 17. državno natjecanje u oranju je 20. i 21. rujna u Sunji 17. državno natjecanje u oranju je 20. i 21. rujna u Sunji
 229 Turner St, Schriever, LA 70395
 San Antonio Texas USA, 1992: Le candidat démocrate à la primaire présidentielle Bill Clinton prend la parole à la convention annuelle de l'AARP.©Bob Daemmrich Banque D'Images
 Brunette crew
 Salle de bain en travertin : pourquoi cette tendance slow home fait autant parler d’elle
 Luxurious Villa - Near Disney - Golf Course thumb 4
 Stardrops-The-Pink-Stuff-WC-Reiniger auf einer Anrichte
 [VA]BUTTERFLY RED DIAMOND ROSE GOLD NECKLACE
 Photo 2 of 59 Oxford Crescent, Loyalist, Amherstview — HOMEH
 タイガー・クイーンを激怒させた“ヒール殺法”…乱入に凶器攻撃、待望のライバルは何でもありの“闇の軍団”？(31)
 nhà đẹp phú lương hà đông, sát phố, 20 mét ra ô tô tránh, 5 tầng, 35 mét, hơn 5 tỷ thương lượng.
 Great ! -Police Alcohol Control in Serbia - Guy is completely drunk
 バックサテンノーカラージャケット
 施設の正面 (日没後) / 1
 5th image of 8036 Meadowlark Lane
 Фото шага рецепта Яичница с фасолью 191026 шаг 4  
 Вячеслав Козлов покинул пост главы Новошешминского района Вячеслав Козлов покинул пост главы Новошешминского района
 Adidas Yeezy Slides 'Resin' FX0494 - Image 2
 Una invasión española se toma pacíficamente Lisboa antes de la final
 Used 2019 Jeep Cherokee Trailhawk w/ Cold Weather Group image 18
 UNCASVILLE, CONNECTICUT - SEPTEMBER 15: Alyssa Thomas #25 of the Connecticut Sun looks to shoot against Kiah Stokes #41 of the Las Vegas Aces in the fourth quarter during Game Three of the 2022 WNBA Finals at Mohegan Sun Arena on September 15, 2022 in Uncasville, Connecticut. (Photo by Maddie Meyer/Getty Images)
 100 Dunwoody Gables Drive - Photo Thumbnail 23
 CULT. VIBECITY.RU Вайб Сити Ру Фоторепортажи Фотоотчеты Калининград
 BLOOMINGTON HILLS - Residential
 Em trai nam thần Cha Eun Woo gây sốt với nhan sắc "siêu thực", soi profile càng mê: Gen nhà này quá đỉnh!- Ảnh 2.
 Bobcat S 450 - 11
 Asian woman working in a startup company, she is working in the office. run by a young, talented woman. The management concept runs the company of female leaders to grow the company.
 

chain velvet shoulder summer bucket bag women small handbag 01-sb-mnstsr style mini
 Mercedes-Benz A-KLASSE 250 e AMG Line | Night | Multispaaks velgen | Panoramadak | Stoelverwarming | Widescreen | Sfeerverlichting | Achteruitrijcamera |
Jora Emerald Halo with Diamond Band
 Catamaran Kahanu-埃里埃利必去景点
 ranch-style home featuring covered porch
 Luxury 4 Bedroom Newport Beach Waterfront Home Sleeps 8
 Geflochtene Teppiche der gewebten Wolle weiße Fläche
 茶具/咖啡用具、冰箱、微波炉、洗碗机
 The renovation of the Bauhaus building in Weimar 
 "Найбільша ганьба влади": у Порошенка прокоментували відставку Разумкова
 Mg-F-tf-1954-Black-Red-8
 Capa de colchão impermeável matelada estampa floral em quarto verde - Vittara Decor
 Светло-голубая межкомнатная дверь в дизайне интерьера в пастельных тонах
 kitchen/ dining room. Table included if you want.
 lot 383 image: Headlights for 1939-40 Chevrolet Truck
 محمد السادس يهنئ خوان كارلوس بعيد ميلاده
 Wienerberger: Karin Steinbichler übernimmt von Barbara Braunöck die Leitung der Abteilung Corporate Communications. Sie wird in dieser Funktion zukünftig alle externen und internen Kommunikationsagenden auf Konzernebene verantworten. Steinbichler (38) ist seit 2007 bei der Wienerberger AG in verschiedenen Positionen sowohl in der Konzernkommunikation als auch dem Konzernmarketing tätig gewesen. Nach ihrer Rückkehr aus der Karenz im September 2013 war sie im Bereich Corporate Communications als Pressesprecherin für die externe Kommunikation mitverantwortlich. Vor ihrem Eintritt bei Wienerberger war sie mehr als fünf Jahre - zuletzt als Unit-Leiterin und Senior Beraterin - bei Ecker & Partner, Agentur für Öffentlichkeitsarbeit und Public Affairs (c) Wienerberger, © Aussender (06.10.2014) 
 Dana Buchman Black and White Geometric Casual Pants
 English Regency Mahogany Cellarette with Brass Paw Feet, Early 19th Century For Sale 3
======
- **PROBLEM TO SOLVE**
Once more, write out all of the entries above exactly.

- **SOLVED EXERCISE**
 17. državno natjecanje u oranju je 20. i 21. rujna u Sunji 17. državno natjecanje u oranju je 20. i 21. rujna u Sunji
 229 Turner St, Schriever, LA 70395
 San Antonio Texas USA, 1992: Le candidat démocrate à la primaire présidentielle Bill Clinton prend la parole à la convention annuelle de l'AARP.©Bob Daemmrich Banque D'Images
 Brunette crew
 Salle de bain en travertin : pourquoi cette tendance slow home fait autant parler d’elle
 Luxurious Villa - Near Disney - Golf Course thumb 4
 Stardrops-The-Pink-Stuff-WC-Reiniger auf einer Anrichte
 [VA]BUTTERFLY RED DIAMOND ROSE GOLD NECKLACE
 Photo 2 of 59 Oxford Crescent, Loyalist, Amherstview — HOMEH
 タイガー・クイーンを激怒させた“ヒール殺法”…乱入に凶器攻撃、待望のライバルは何でもありの“闇の軍団”？(31)
 nhà đẹp phú lương hà đông, sát phố, 20 mét ra ô tô tránh, 5 tầng, 35 mét, hơn 5 tỷ thương lượng.
 Great ! -Police Alcohol Control in Serbia - Guy is completely drunk
 バックサテンノーカラージャケット
 施設の正面 (日没後) / 1
 5th image of 8036 Meadowlark Lane
 Фото шага рецепта Яичница с фасолью 191026 шаг 4  
 Вячеслав Козлов покинул пост главы Новошешминского района Вячеслав Козлов покинул пост главы Новошешминского района
 Adidas Yeezy Slides 'Resin' FX0494 - Image 2
 Una invasión española se toma pacíficamente Lisboa antes de la final
 Used 2019 Jeep Cherokee Trailhawk w/ Cold Weather Group image 18
 UNCASVILLE, CONNECTICUT - SEPTEMBER 15: Alyssa Thomas #25 of the Connecticut Sun looks to shoot against Kiah Stokes #41 of the Las Vegas Aces in the fourth quarter during Game Three of the 2022 WNBA Finals at Mohegan Sun Arena on September 15, 2022 in Uncasville, Connecticut. (Photo by Maddie Meyer/Getty Images)
 100 Dunwoody Gables Drive - Photo Thumbnail 23
 CULT. VIBECITY.RU Вайб Сити Ру Фоторепортажи Фотоотчеты Калининград
 BLOOMINGTON HILLS - Residential
 Em trai nam thần Cha Eun Woo gây sốt với nhan sắc "siêu thực", soi profile càng mê: Gen nhà này quá đỉnh!- Ảnh 2.
 Bobcat S 450 - 11
 Asian woman working in a startup company, she is working in the office. run by a young, talented woman. The management concept runs the company of female leaders to grow the company.
 

chain velvet shoulder summer bucket bag women small handbag 01-sb-mnstsr style mini
 Mercedes-Benz A-KLASSE 250 e AMG Line | Night | Multispaaks velgen | Panoramadak | Stoelverwarming | Widescreen | Sfeerverlichting | Achteruitrijcamera |
Jora Emerald Halo with Diamond Band
 Catamaran Kahanu-埃里埃利必去景点
 ranch-style home featuring covered porch
 Luxury 4 Bedroom Newport Beach Waterfront Home Sleeps 8
 Geflochtene Teppiche der gewebten Wolle weiße Fläche
 茶具/咖啡用具、冰箱、微波炉、洗碗机
 The renovation of the Bauhaus building in Weimar 
 "Найбільша ганьба влади": у Порошенка прокоментували відставку Разумкова
 Mg-F-tf-1954-Black-Red-8
 Capa de colchão impermeável matelada estampa floral em quarto verde - Vittara Decor
 Светло-голубая межкомнатная дверь в дизайне интерьера в пастельных тонах
 kitchen/ dining room. Table included if you want.
 lot 383 image: Headlights for 1939-40 Chevrolet Truck
 محمد السادس يهنئ خوان كارلوس بعيد ميلاده
 Wienerberger: Karin Steinbichler übernimmt von Barbara Braunöck die Leitung der Abteilung Corporate Communications. Sie wird in dieser Funktion zukünftig alle externen und internen Kommunikationsagenden auf Konzernebene verantworten. Steinbichler (38) ist seit 2007 bei der Wienerberger AG in verschiedenen Positionen sowohl in der Konzernkommunikation als auch dem Konzernmarketing tätig gewesen. Nach ihrer Rückkehr aus der Karenz im September 2013 war sie im Bereich Corporate Communications als Pressesprecherin für die externe Kommunikation mitverantwortlich. Vor ihrem Eintritt bei Wienerberger war sie mehr als fünf Jahre - zuletzt als Unit-Leiterin und Senior Beraterin - bei Ecker & Partner, Agentur für Öffentlichkeitsarbeit und Public Affairs (c) Wienerberger, © Aussender (06.10.2014) 
 Dana Buchman Black and White Geometric Casual Pants
 English Regency Mahogany Cellarette with Brass Paw Feet, Early 19th Century For Sale 3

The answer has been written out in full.